Personal Loan vs. Personal Line of Credit: What’s the Difference?
If you need to borrow money, lots of banks of personal loans and personal lines of credit that you might be able to use. These types of credit are highly flexible.
Unlike mortgages or auto loans, which can only be used for specific purposes, you can use the money from a personal loan or line of credit for almost any purpose.
This flexibility makes personal loans and lines of credit incredibly popular among borrowers.
Despite their similar names and the fact that they share their flexibility, personal loans and personal lines of credit are two different things.
Understanding the difference can help you decide when you should apply for each.
What is a Personal Loan?
A personal loan is a simple loan, much like other types of loans.
You apply for the personal loan, and if you’re approved, the lender gives you a lump sum of cash. You can then use that money for whatever purpose you’d like.
Personal loans are common options for:
When you get a personal loan, you choose a term for the loan.
This is how long it will take the repay the loan if you follow the minimum payment schedule.

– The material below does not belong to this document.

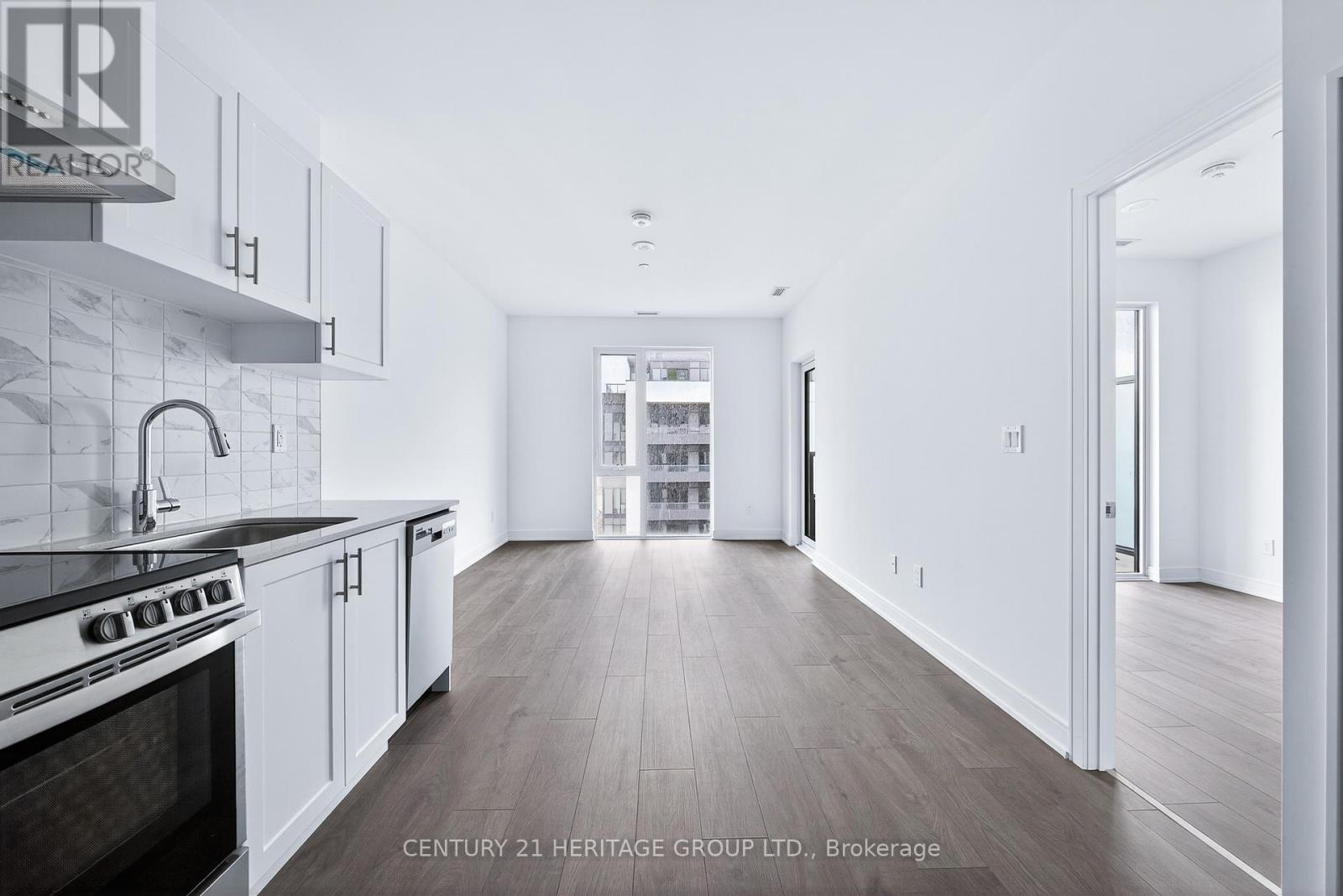 A1406 - 705 Davis Drive, Newmarket (Huron Heights-Leslie Valley), Ontario  L3Y 0J1 - Photo 4 - N12889154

Usually, terms range from 3 to 5 years, though some lenders offer terms as long as 7 years or more. This lets you customize the monthly payment of the loan.

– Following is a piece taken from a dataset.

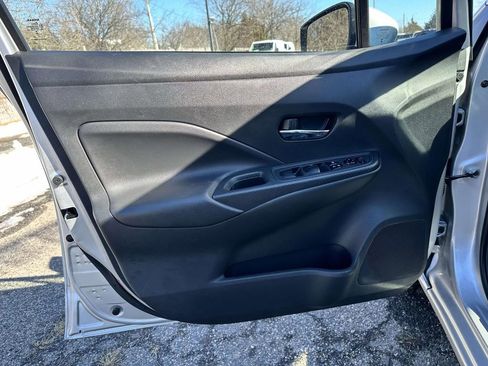 Used 2023 Nissan Versa SV FWD image 8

Typically, personal loans have fixed interest rates, so borrowers can predict the monthly payments for the life of the loan.
Can be unsecured and secured
Most personal loans are unsecured, meaning you don’t have to offer any form of collateral when you apply. This can make them more difficult to qualify for if you have poor credit but means you don’t have to have an asset to put at risk.
Some lenders offer secured personal loans which can be easier to qualify for and charge lower interest rates.
However, these require some form of collateral, such as the balance of a bank account, before you can apply.
What is a Personal Line of Credit?
A personal line of credit is a source of cash that you can draw from, but that you can also leave alone when you don’t need it.
It's very much like a credit card.
With a line of credit, you can borrow cash instead of using them to make purchases at stores.
If you need money, you can tap your line of credit. You’ll start getting bills until you pay the balance down. If you don’t need to borrow, you can leave the line of credit alone.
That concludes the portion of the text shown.